As the days grow shorter, the trees flare and drop and reveal their bare architecture, my sap flows downward into silence. Under the snow, summertime slumbers. My mouth tied up with cobwebs and leaf mold, and underneath the filaments that hold the soil together, erupting after rain into white shoots of mushrooms — Indian paintbrush.
Three weeks ago, I struggled through unexpected traffic, late to a too-early appointment, left my car in its spot too long while the ignorant hounded me and I turned them tai-chi-like into pupils, and when the work was done and I could raise my head, I left the building to find my car half-hoisted in the joist of the tow truck.
I knew what came next. You don’t live in a city like Boston for ten years without knowing what came next. I danced the dance, said my lines, pleaded for mercy, failed to weep or gnash my teeth when the greasy man said, “Fifty dollars. Cash.”
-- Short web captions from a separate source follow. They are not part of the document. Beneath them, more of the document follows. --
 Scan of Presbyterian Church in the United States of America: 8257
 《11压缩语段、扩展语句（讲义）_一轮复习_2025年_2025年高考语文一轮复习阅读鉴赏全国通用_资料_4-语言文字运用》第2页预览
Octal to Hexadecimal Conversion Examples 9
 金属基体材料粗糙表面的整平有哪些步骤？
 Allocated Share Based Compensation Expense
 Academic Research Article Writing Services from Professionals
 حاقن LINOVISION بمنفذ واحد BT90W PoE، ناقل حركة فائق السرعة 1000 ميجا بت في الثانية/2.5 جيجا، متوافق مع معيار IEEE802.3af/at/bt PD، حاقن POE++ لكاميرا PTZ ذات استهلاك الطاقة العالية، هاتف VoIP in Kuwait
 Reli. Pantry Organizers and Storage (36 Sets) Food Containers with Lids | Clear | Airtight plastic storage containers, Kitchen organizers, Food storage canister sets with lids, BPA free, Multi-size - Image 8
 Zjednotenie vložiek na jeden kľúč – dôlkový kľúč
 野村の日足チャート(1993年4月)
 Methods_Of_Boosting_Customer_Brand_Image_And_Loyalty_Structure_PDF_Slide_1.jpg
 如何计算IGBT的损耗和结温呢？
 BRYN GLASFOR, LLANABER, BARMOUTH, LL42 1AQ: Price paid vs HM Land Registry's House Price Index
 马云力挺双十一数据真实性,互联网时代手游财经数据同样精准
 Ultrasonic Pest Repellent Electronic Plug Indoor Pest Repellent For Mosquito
Slaves who had become kings. I opened my wallet. No cash, but a card, and he would wait while I went to the ATM. Two twenties and a roll of quarters later, I was free, some buried part of me seething, sure, but the rest of me remembering how, in years past, I’d done the endless drive to industrial waste-yards, paid the fee and then the fee again, seen the greasy kings boasting about their orchards of waiting cars, the kings of trespass towing.
Learned the hard way that keeping my papers in order was not optional. Plodded to the other halls of justice, gave this paper-stamper and then that one my money more money always more money, watched my bank account wither past zero and into the land of deprivation, trying not to worry, not knowing what would keep me in the freezing room I rented with three others in Cambridge, eating lentils and rice in a cold winter porch, trusting in an unknown abundance despite the evidence.
And on that afternoon I saw the fruit of all that suffering.
Fifty dollars is a fortune when you have to it give to the miserable man in his miserable truck, and can be free to drive, comfortable and warm, through the bright autumn afternoon.